Task brief
Going down the listing below, print exactly each line from the one with "Central Address Near Unirii Square Бухарест" up to and including the one with "Versteckt in einer", and skip the rest.

━━━━

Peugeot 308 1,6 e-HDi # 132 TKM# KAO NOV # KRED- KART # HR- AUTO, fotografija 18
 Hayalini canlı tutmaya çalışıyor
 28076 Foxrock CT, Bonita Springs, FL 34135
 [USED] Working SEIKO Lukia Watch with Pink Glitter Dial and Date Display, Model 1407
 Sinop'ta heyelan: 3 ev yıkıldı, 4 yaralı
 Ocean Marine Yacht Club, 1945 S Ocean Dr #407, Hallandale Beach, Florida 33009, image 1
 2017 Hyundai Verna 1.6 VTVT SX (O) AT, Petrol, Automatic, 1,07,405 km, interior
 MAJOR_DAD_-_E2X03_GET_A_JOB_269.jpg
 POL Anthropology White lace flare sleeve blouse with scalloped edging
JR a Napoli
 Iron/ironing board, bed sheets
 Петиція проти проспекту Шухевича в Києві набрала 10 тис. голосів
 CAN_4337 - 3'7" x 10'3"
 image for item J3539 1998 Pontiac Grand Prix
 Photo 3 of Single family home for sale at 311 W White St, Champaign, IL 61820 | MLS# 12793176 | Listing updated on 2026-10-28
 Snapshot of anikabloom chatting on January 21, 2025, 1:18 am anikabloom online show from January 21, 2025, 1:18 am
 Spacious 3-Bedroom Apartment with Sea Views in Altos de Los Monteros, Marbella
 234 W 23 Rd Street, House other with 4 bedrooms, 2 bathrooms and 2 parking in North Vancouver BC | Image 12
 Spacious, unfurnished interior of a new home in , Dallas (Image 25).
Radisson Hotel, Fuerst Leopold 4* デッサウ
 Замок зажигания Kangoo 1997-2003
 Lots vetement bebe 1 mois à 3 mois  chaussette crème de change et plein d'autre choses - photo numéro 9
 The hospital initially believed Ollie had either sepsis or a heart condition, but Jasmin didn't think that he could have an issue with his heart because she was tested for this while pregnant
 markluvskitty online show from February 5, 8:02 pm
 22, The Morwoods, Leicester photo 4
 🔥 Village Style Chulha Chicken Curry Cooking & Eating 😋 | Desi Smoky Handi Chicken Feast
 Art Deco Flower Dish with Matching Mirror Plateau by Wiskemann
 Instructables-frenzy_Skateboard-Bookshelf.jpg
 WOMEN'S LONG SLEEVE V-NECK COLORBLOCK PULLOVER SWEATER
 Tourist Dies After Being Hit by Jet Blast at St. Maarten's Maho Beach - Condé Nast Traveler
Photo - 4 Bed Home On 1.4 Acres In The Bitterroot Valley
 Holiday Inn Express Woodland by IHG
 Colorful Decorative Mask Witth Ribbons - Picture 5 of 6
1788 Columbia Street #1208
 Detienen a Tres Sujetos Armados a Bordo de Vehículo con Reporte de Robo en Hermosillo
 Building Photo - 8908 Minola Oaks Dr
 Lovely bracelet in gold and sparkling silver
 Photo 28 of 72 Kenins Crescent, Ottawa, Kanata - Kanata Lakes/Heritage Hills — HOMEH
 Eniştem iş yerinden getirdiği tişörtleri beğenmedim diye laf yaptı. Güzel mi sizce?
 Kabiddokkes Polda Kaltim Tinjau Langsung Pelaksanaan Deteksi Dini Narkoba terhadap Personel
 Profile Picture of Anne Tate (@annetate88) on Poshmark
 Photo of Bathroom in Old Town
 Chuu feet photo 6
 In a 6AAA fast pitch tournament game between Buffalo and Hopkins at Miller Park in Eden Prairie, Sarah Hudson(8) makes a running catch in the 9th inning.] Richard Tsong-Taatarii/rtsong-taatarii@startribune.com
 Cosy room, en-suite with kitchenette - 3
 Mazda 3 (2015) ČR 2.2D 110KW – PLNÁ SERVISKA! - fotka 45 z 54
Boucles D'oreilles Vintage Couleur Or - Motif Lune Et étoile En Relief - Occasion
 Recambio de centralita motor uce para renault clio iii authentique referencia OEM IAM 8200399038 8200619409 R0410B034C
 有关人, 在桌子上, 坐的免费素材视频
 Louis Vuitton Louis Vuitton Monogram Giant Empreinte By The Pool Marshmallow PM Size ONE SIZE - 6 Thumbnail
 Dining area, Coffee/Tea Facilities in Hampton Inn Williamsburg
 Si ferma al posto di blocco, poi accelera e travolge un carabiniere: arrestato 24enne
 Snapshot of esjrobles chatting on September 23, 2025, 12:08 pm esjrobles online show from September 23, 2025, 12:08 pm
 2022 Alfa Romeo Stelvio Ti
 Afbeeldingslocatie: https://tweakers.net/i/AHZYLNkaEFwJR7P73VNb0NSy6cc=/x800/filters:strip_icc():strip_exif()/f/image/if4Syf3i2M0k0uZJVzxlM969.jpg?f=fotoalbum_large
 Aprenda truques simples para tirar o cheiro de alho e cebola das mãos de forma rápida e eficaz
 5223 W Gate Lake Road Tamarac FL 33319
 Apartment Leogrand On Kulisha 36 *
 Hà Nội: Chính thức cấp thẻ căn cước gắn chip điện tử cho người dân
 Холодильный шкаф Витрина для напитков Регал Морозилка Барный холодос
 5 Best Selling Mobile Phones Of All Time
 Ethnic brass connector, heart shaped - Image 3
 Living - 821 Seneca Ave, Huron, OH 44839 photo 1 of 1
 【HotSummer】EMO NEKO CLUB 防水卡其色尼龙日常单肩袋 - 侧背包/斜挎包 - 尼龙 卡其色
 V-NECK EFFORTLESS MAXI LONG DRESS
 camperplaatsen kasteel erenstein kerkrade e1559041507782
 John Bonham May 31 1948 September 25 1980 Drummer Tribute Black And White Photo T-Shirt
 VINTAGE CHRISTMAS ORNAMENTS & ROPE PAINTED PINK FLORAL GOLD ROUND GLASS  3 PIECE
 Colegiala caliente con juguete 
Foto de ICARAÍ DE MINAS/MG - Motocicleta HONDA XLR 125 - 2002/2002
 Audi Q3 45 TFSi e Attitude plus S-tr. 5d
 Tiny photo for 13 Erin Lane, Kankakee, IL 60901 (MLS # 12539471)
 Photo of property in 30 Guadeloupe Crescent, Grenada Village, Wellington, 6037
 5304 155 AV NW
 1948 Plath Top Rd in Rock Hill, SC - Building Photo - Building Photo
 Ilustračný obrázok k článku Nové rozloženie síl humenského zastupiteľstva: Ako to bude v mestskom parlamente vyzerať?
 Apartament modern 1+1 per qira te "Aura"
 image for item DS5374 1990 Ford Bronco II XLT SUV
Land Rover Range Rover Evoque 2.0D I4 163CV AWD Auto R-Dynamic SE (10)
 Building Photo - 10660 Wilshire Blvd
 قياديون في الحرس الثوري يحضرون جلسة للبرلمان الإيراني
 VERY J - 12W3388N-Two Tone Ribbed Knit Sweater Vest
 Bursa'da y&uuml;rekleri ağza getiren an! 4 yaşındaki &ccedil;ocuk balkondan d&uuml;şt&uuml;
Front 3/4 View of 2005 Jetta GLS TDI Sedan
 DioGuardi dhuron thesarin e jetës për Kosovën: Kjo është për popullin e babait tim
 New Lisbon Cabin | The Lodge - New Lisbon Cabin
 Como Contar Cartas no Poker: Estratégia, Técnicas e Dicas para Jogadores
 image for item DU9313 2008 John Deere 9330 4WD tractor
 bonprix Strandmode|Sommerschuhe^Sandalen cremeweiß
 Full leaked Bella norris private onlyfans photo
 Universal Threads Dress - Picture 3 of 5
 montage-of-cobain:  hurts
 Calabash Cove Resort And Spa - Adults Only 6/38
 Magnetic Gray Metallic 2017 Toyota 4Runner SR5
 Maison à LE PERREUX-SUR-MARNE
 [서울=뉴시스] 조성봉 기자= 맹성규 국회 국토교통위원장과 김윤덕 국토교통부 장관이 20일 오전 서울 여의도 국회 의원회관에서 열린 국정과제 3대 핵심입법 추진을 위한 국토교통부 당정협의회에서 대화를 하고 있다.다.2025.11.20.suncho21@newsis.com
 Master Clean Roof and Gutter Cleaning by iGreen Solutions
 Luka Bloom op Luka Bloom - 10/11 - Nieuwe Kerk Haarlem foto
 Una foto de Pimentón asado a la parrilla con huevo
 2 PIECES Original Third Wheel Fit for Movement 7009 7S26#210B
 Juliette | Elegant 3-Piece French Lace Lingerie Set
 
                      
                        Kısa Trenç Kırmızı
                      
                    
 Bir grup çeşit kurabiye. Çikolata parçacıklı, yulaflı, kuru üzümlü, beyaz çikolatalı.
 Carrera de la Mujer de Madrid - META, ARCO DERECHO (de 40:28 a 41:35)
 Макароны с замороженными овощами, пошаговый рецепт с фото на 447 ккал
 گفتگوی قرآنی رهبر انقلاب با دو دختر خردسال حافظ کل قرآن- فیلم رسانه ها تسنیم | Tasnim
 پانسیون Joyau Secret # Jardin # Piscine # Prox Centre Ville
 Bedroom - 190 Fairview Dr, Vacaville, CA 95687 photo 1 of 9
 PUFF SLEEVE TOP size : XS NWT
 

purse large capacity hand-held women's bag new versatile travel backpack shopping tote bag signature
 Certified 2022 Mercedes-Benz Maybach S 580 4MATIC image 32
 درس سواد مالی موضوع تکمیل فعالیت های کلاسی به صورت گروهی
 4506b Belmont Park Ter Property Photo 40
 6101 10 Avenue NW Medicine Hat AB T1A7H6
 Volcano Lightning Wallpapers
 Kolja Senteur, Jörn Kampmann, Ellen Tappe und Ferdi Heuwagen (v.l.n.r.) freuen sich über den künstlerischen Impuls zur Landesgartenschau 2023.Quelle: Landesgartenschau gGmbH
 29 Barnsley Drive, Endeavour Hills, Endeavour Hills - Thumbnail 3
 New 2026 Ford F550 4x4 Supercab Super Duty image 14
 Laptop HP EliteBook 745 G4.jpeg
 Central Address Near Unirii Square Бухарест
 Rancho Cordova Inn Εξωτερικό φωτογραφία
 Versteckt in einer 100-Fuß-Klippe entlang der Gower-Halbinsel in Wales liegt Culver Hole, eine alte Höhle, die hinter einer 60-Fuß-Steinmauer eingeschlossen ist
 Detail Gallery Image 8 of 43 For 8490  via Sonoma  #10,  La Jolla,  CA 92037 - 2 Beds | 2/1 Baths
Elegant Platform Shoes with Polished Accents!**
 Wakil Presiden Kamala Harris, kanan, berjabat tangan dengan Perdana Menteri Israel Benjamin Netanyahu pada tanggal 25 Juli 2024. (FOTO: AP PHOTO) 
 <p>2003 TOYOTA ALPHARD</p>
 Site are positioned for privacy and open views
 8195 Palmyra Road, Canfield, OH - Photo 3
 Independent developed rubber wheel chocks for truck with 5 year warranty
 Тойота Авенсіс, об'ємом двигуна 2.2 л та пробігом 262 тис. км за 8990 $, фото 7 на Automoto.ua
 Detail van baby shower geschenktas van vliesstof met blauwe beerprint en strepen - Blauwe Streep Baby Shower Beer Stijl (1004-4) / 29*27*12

━━━━

Written response
 Central Address Near Unirii Square Бухарест
 Rancho Cordova Inn Εξωτερικό φωτογραφία
 Versteckt in einer 100-Fuß-Klippe entlang der Gower-Halbinsel in Wales liegt Culver Hole, eine alte Höhle, die hinter einer 60-Fuß-Steinmauer eingeschlossen ist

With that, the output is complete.